I just had a revelation this morning! Sometimes the hour when you first wake up can provide a moment of lucidity. Like being able to remember an old childhood song you used to sing with friends that ended with “… and threw her out the window.” Or finally thinking of that clever answer to a cutting remark someone made yesterday, finding just the one you should have said. Yeah. That would’ve been good.
Well this morning in the midst of my dreamy-eyed transition to wakefulness I had a revelation. It happened as I tugged on my blankets one more time to adjust the ideal temperature zone beneath those blankets, attempting to reconstitute “comfy.” I realized in a flash the answer to something that had puzzled humanity for eons. The solution to a problem so intractable and puzzling that the centuries had until now held it in rank obscurity. These things are known to appear like a flash of light to minds that have laid the diligent groundwork, or to those who just got a good night’s sleep. I will now share with you this insight which will finally answer the riddle, wrapped in enigma, and smothered in secret sauce.
Why do blankets move during the night towards the foot of the bed?
Is it restless feet pushing them down? Or, as my wife suggests…”a group of invisible blanket gnomes situated just off the foot of the bed turning tiny transparent cranks.” Or is it “Just the way it is, eat your breakfast!” These theories are each worthy as plausible conjectures. Each one creates their own path to new hypotheses and suggest fresh methods for creating tests that will either confirm or reject those hypotheses. Well, except the ones involving the gnomes and the breakfast. But my revelation this morning might just serve to detonate those steamships of postulation into tiny bits of flotsam.
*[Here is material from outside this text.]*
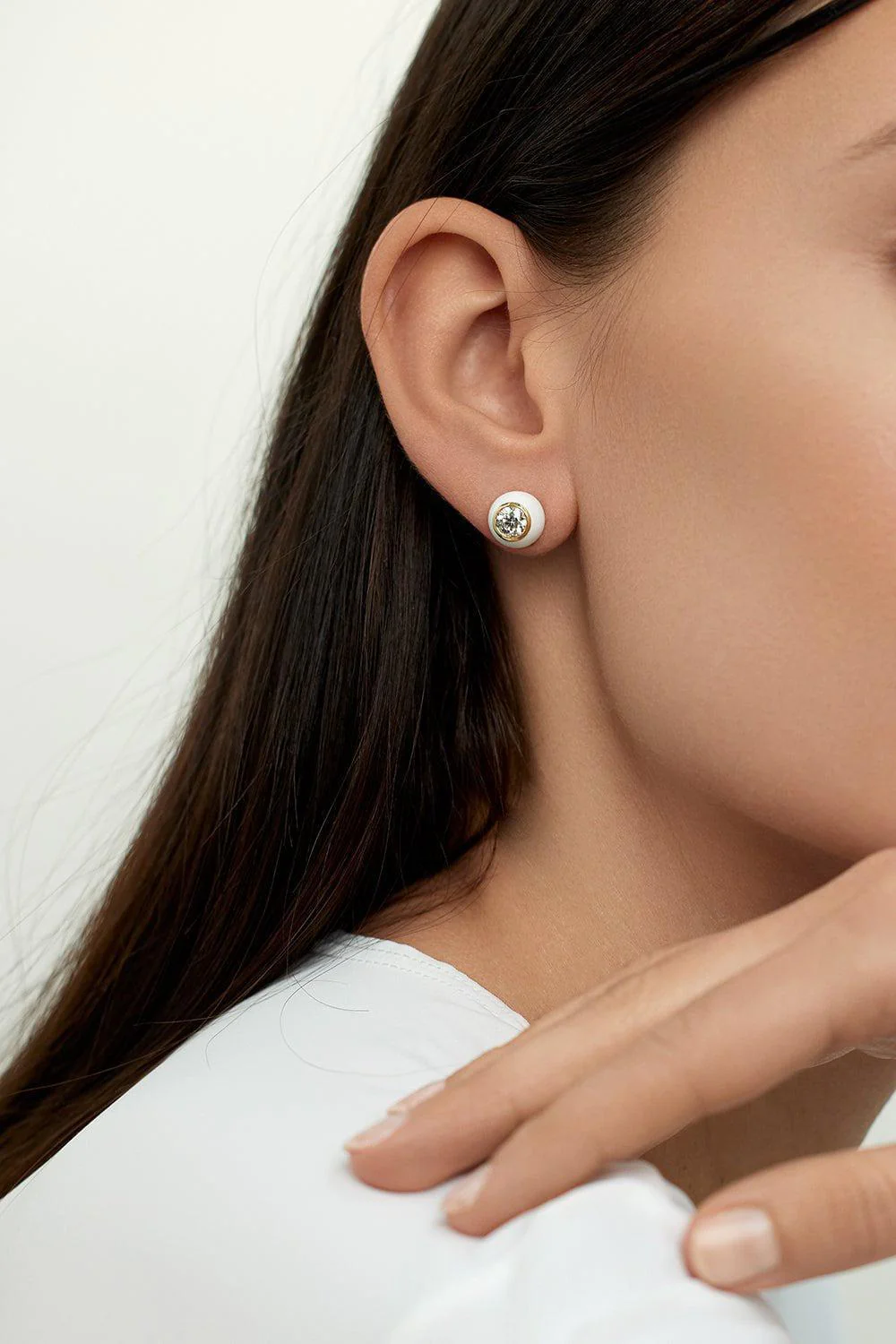 Neon Yellow Large Audrey Stud Earrings - Image 2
I propose: Blanket gravity.
Simply put, I propose a force that runs counter to normal gravity which creates movement at right angles to it. The mere presence of the human body between the mattress and the blankets releases this force which was previously latent. This force is local and has no bearing on objects outside the blankets. It is in effect only as long as the body remains on the mattress, under the blankets, in comfy repose. At this time, and under these specific circumstances, the blankets are compelled to move, in longitudinal fashion along the axis of the body and always from head to foot.
This force is undeniable. It is irresistible. It is universal. It is, after all, a blanket theory of gravity.
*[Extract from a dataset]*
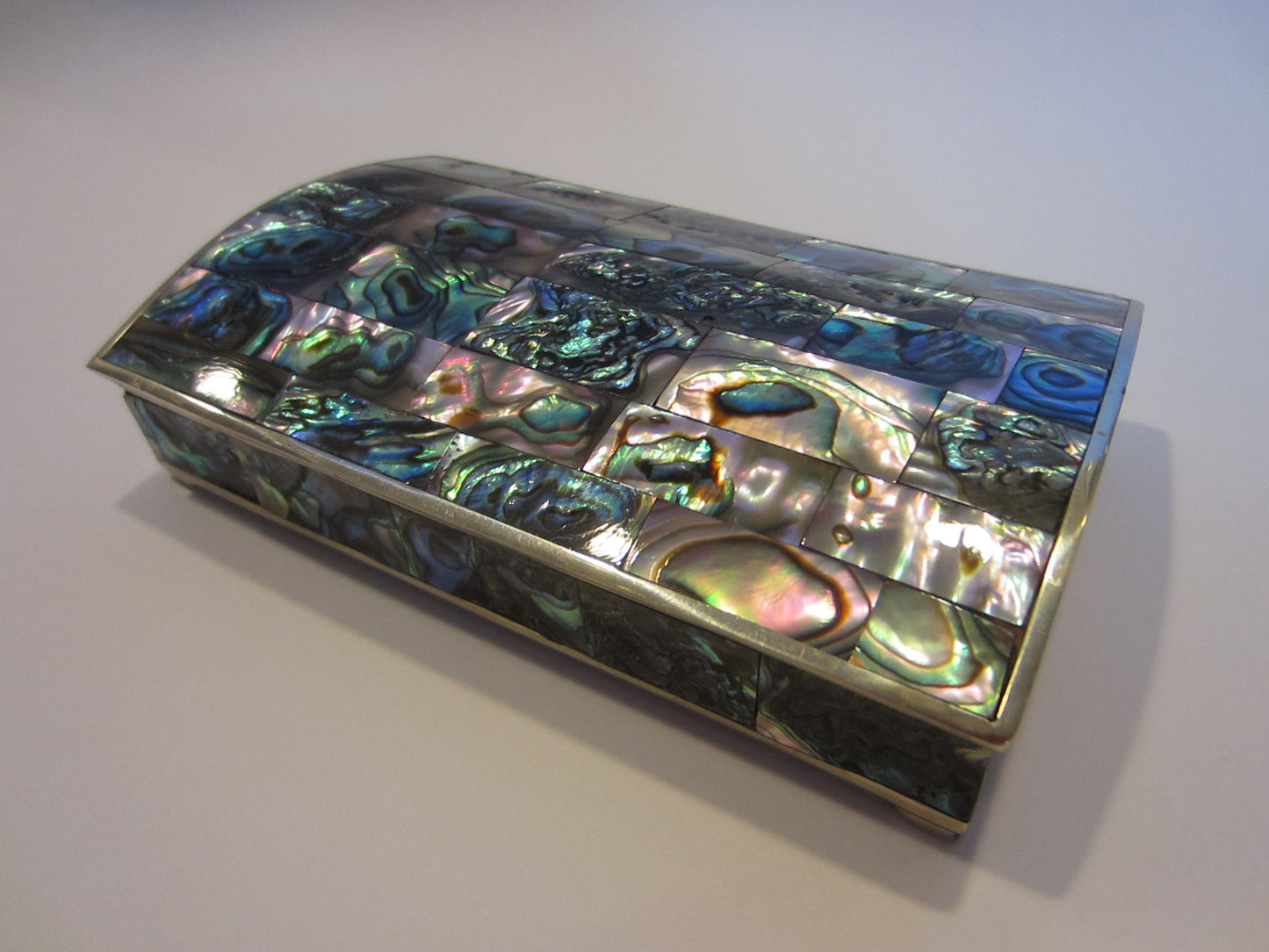 Alpaca Mexico Intarsia Silver Plated Abalone Humidor Box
As further supporting evidence, I look to the understanding of centrifugal force, known to physicists as a “fictional” force because it does not force the object in motion directly away from the central axis, but instead acts like a series of forces that are tangential to the circle created by the spinning object.
So, if you are on that amusement park ride where you join a group of strangers inside a huge tin can while the floor drops away and you are pinned to the wall with no visible means of support (remember, you payed to do this), you imagine that centrifugal force is pushing you back. You are mistaken. And you should probably be riding the Tilt-a-Whirl.
I drew this picture to show how it works, along with my arrogant declaration about its meaning. I’m sure you will forgive my enthusiasm but the coffee was strong. The next step is peer review of course.